Mengkonsumsi kolostrum secara terus-menerus sangat penting bagi anak sapi. Karena selain kolostrum dapat  meningkatkan Ig yang vital, tetapi juga meningkatkan jumlah yang signifikan dari protein imun dan nutrien dalam menunjang kehidupan anak sapi selama beberapa hari pertama. Perkembangan usus halus dimulai segera setelah lahir dan kemampuan usus untuk mengabsorpsi makromolekul tanpa pencernaan akan selesai dalam waktu 24 jam. Hilangnya kemampuan absorpsi berhubungan dengan perkembangan saluran pencernaan pada sel-sel epitel intestinal dan penggantian populasi sel. Penurunan tajam jumlah IgG kolostrum terjadi secara serempak, disebut periode intestinal closure yaitu pada 24 jam atau 1 hari.  Pada saat anak sapi berumur 6 jam, hanya 66% antibodi yang dikonsumsi dapat diabsorpsi. Ketika anak sapi berumur 12 jam, lebih sedikit dari setengah antibodi yang tersedia akan diabsorpsi ke dalam darah, dan ketika anak sapi berumur 24 jam, proses intestinal closure menjadi lengkap (SELK, 2006).

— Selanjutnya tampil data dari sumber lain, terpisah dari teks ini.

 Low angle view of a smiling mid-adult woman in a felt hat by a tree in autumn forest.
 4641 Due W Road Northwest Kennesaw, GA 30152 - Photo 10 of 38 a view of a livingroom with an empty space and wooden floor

Kolostrum maternal hampir selalu istimewa, dengan sumber antibody ( imunoglobulin G), namun kolostrum juga menjadi suatu rute penyebaran atau penularan penyakit dari induk kepada anaknya. Kolostrum harus ditampung dari induk sapi pada saat beranak atau di dalam kurun waktu 24 jam pertama dan diberikan segar, disimpan setelah pembekuan, atau melakukan pasteurisasi dengan menggunakan suatu unit pasteurization batch komersial untuk memanaskan kolostrum 60°C selama 60 – 120 menit .

Manajemen pemberian kolostrum  pada anak sapi setidaknya dilakukan pada volume 3 hingga 4 liter untuk menunjang peran kolostrum yang optimal. Waktu pemberian juga merupakan faktor penting untuk mendukung tingkat kesehatan anak sapi yang baru lahir. Waktu pemberian kolostrum yang direkomendasikan adalah paling lama 2 jam setelah anak sapi lahir, hal ini terkait dengan fenomena penyerapan terbaik untuk komponen dalam kolostrum oleh saluran pencernaan anak sapi yang baru lahir adalah maksimal 24 jam sejak kelahiran. Kemampuan sistem pencernaan anak sapi yang baru lahir untuk menyerap komponen kolostrum akan mulai berkurang secara signifikan setelah 24 jam dari kelahiran, kemudian terus menurun hingga 48 jam sejak kelahiran.  Apabila  pada  awal menyusu pedet mengalami kesulitan maka dapat dilatih dengan menggunakan  ember terbuka dan memerlukan  kesabaran. Caranya mula-mula pedet dibiarkan menjilat atau mengisap jari telunjuk yang dibasahi kolostrum. Selanjutnya jari telunjuk yang dihisap-isap, perlahan-lahan dimasukkan sedikit demi sedikit kedalam ember yang berisi kolostrum dan dibiarkan beberapa menit mengisap-isap jari telunjuk dan kolostrum turut terserap sedikit-sedikit. Kemudian jari telunjuk perlahan-lahan dilepas dari pedet. Perlakuan demikian perlu diulang-ulang sehingga akhirnya pedet mau minum kolostrum dari ember tanpa bantuan lagi atau alternatif alat bantu untuk pemberian kolostrum dengan menggunakan botol yang diberi selang karet lunak  (nipple bottle). Kolostrum buatan diberikan pada pedet apabila induk tidak dapat  menghasilkan  kolostrum.  Kolostrum  buatan  sekali  minum terdiri dari campuran ½ liter susu murni + 1 sendok teh minyak ikan+ 1 sendok teh kastroli + 1 telur yang dikocok didalam ¼ liter air hangat. Pemberian kolustrum buatan diberikan 3 kali sehari selama 3 sampai dengan 4 hari

Demikian  tulisan ini disampaikan , semoga dapat meningkatkan wawasan peternak mengenai pentingnya peran kolostrum bagi anak sapi yang baru lahir, yang berperan sebagai penyedia utama antibodi dari induk yang sangat dibutuhkan oleh anak sapi yang baru lahir untuk menjaga kesehatan dan produktivitasnya.